O papa Francisco está chegando ao término de cinco anos de pontificado, a serem completados em 13 de março de 2018, com altíssimo índice de aprovação dos católicos e generalizada admiração de adeptos de outras religiões, mas, ao mesmo tempo, com expressiva resistência de setores da Igreja. Aos 81 anos, celebrados neste 17 de dezembro, às vésperas do Natal, o argentino Jorge Mário Bergoglio, enfrenta os obstáculos com determinação e programa viagens internacionais, apesar da saúde confessadamente frágil.
“Sei que vou durar pouco, dois ou três anos, e depois vou para a Casa do Pai”, afirmou Francisco, em agosto de 2014. Se a previsão fosse para valer, o papa já estaria no lucro, pois o prazo se esgotou. Ele admitiu, na época, que tinha problemas de saúde, “alguns problemas de nervos”, dos quais teria de cuidar.
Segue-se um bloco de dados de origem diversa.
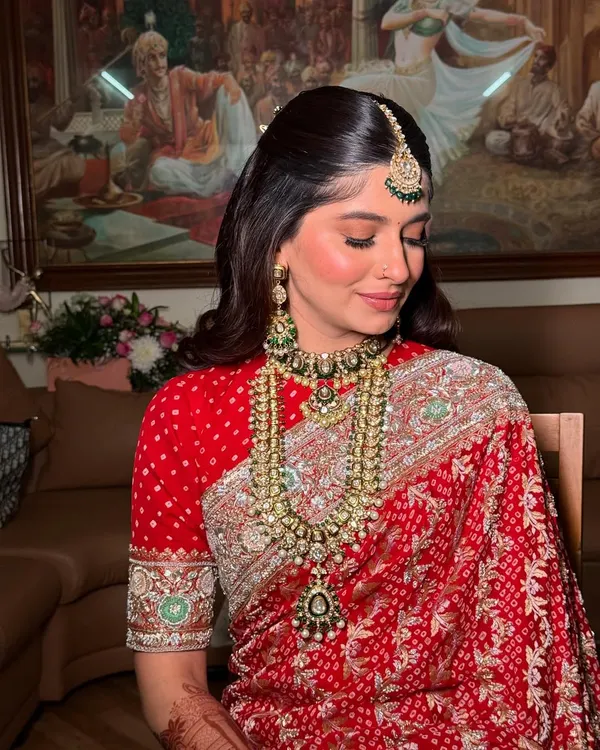A beautiful close-up of a bride's soft and radiant makeup. The look features defined eyes, a natural glowing base, and a neutral lip color, perfect for a traditional wedding ceremony.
Lembre-se, além disso, que extraiu parte de um pulmão, na juventude. Por isso, jamais canta nas cerimônias religiosas, pois é incapaz de entoar uma antífona, uma palavra que seja, para a recitação de um salmo.
Francisco admitiu a hipótese de vir a renunciar, se achasse que não teria mais condições de dirigir a Igreja. “Bento XVI abriu uma porta, que é institucional”, disse. Seria estranho e admirável ver dois papas eméritos passeando pelos jardins do Vaticano, se Francisco decidisse fazer companhia a seu predecessor. A não ser que ele preferisse outro destino, como voltar para Buenos Aires, “o fim do mundo” de onde saiu, ao ser eleito em março de 2013. Estas são hipóteses remotas, pouquíssimo prováveis, mas não descartáveis.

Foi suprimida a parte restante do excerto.